この時に空けた穴の総面積がホースの内径と同じぐらいにした方が良いです。穴が少なすぎると水の勢いが強すぎたり、モーターの線が出ている部分から水がにじみ出たりします。
❹ ポンプの駆動時間
今回のシステムでは「ポンプを動かす時間」で鉢へ与える「水の量」が決まります。なので実際にArduinoを使って、1秒(1000ms)ごとに何mlの水を汲めるかを測りました。
この時、ポンプと水の出口の高低差によって汲める水の量は変わるので、実際に使用した際の散水口の高さを考慮して測定した方がよいです。
❺ Arduinoのプログラム
LEDをチカチカさせるときのプログラムと同じです。
delay関数は0~4,294,967,295ms(232-1ms)の範囲で秒数を指定できます。日数にすると大体50日ないくらいになります。今回のプログラムは12時間に1回、800mlの水をくみ上げることを目的としています。

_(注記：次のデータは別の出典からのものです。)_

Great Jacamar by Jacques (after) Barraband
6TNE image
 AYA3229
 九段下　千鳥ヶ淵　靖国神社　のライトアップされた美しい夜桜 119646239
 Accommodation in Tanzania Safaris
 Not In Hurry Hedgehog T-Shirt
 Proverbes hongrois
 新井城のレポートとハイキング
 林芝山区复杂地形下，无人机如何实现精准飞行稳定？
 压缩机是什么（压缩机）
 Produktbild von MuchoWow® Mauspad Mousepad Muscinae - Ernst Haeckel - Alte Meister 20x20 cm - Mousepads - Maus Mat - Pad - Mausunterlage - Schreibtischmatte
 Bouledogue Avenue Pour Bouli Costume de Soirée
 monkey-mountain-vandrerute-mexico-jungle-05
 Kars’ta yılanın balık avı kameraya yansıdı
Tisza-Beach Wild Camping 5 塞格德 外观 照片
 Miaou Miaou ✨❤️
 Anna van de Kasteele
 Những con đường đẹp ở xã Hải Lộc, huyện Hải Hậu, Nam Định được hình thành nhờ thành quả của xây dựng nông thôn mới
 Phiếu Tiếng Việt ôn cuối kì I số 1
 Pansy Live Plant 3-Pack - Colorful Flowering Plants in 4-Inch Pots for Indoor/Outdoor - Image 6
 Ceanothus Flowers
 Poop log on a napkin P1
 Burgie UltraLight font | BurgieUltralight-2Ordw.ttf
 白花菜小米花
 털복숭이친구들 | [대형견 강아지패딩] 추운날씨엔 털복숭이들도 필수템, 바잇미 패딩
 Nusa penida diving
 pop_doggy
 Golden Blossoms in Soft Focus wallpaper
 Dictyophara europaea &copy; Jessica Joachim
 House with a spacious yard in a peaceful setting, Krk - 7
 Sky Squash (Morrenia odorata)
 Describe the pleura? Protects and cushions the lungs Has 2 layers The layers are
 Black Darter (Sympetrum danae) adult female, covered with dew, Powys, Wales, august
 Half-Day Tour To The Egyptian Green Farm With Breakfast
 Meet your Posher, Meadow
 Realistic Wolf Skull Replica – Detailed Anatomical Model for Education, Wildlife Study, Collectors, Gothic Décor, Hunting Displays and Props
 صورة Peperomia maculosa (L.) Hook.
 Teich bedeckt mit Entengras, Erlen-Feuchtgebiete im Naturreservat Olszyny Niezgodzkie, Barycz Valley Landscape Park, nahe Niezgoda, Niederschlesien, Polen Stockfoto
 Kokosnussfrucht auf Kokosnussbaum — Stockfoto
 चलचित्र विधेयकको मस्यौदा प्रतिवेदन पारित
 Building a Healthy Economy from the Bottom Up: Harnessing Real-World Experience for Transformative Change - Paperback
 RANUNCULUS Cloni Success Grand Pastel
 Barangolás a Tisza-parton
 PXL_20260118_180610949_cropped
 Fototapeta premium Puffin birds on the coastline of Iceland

水を800mlくみ上げるにはポンプを5000ms動かし、その後の待ち時間を43200000ms-5000msで示しています。43200000は12時間を示しています。(12時間×60分×60秒×1000ms)
❻ 今後の展開
一旦形にはなりましたが、改良点もいくつかあります。
1.土壌センサの実装
Arduino用の土壌センサが販売されていまが、少しお高めなので自作したいと考えております。土の様子を見ながら水やりを行えるのでカラカラやあげすぎがなくなるはず!!
2.省電力化
delay関数の待ち時間中にもガッツリ電気を消費しています。Sleep機能を使って消費電力を抑える。
3.小型化
もう少しコンパクトにしたいと思います。ベランダは有限です。